So what does that order function do?

?order # How to get help in R!
order(c(1, 2, 3))
## [1] 1 2 3
order(c(3, 2, 1))
## [1] 3 2 1
order(mydata$type)
## [1] 1 3 5 2 4

So order(mydata$type) is returning the rows of mydata, by row number, in sorted order. Finally, mydata[order(mydata$type),] is rearranging the rows of mydata by this order.

FYI: A Tidyverse, which is a set of very handy R packages to perform data manipulations, solution to this problem uses the arrange() function in the dplyr package via arrange(mydata, type)

mydata[order(mydata$type),]  # using the base R syntax

library(dplyr)
## 
## Attaching package: 'dplyr'
## The following objects are masked from 'package:stats':
## 
##     filter, lag
## The following objects are masked from 'package:base':
## 
##     intersect, setdiff, setequal, union
arrange(mydata, type)  # using the tidyverse syntax

We can also return just certain rows, based upon criteria:

mydata[mydata$type == "fruit",]
mydata$type == "fruit"
## [1]  TRUE FALSE  TRUE FALSE  TRUE

Similarly, we could use again the Tidyverse to perform such operation using the filter() function from the dplyr package:

library(dplyr) # note necessary because we already attached this package previously
filter(mydata, type == "fruit")

In this case, instead of indexing the rows by number, we're using TRUEs and FALSEs results of the condition type is equal (note the ==) to fruit.

Exercise: Using the tidyverse syntax, subset mydata to the vegetables instead of the fruit

We can also use the subset function to not only filter out certain rows, but also to filter out certain columns.
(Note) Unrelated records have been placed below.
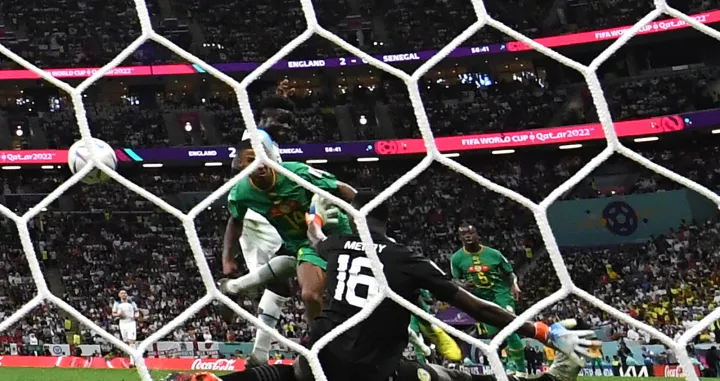 epaselect epa10348861 Bukayo Saka (white shirt) of England scores the 3-0 lead during the FIFA World Cup 2022 round of 16 soccer match between England and Senegal at Al Bayt Stadium in Al Khor, Qatar, 04 December 2022. EPA/Neil Hall/Foto: Neil Hall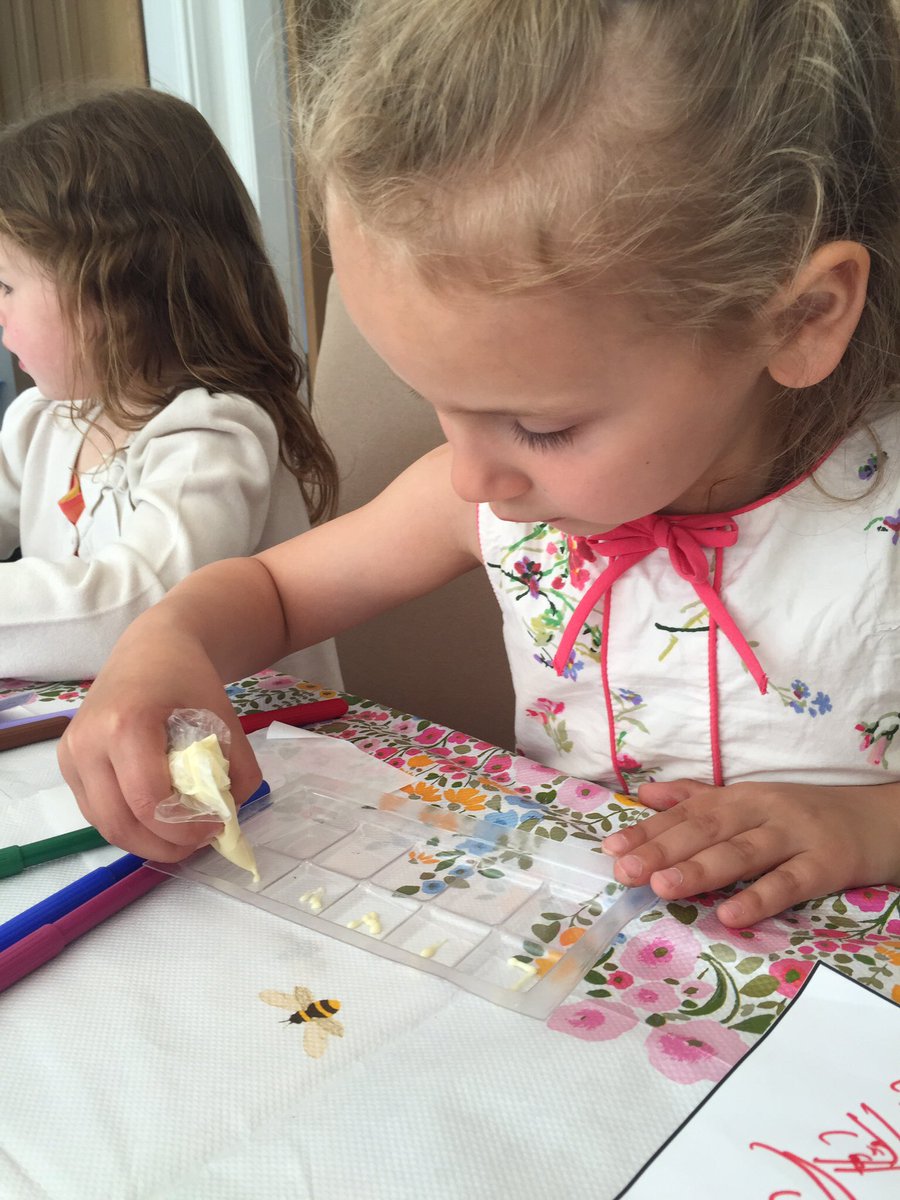 BetterBirth1's tweet photo. Thanks for a brilliant birthday party @Oli_Choc_Party. Livvy and friends had a great time! X https://t.co/KAgt79ifiB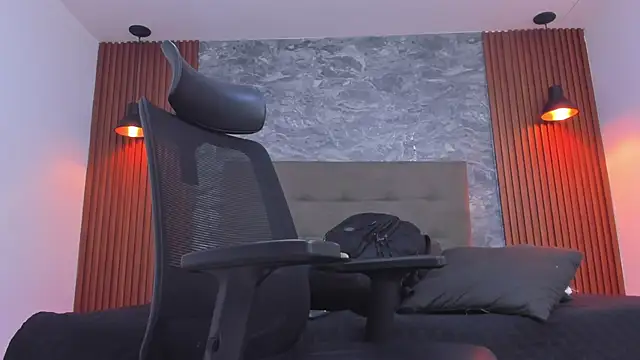 Snapshot of damian_bull chatting on November 2, 2025, 8:14 pm damian bull online show from November 2, 2025, 8:14 pm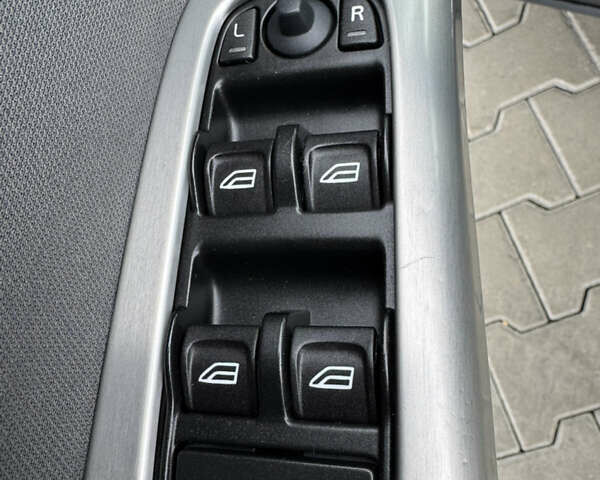Сірий Вольво V50, об'ємом двигуна 1.6 л та пробігом 217 тис. км за 6999 $, фото 32 на Automoto.ua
This is done using the select argument in the function:

FYI: A tidyverse solution to this problem uses the select() function in the "dplyr" package via select(mydata, type). Again, the primary difference between the two approaches is in readability, especially when selecting multiple columns. (Also, )

If instead of filtering, we want to add more data to a data.frame, we can use the rbind() and cbind() functions, which allow us to add rows and columns, respectively.

For instance, we can add "brussels sprouts" to mydata using rbind()

rbind(mydata, c("vegetable", "brussels sprouts"))

In the same way, we can add a column to the data frame using cbind(). This time, our new column will be the number of characters in the name column, using the nchar() function introduced earlier

cbind(mydata, num_letters = nchar(mydata$name))

FYI: A Tidyverse solution for adding the column num_letters could be found using the mutate() function in the dplyr package, via mutate(mydata, num_letters = nchar(name))

mutate(mydata, num_letters = nchar(name))

Notice that "brussels sprouts" didn't show up in this data frame! These functions do not change the original data frame, mydata. Instead, they create a copy of mydata and then make the changes. To save your modifications, overwrite the mydata object like so:

mydata <- rbind(mydata, c("vegetable", "brussels sprouts"))

mydata

There are a lot of useful functions to help us work with data.frames. When seeing a new data frame for the first time, it might be helpful to look at the structure of the data to get a quick idea of what you're working with

# the dimensions of the dataframe as (# rows, # columns)
dim(mydata)
## [1] 6 2

# the structure of the dataframe
str(mydata)
## 'data.frame':    6 obs. of  2 variables:
##  $ type: chr  "fruit" "vegetable" "fruit" "vegetable" ...
##  $ name: chr  "apple" "eggplant" "orange" "beet" ...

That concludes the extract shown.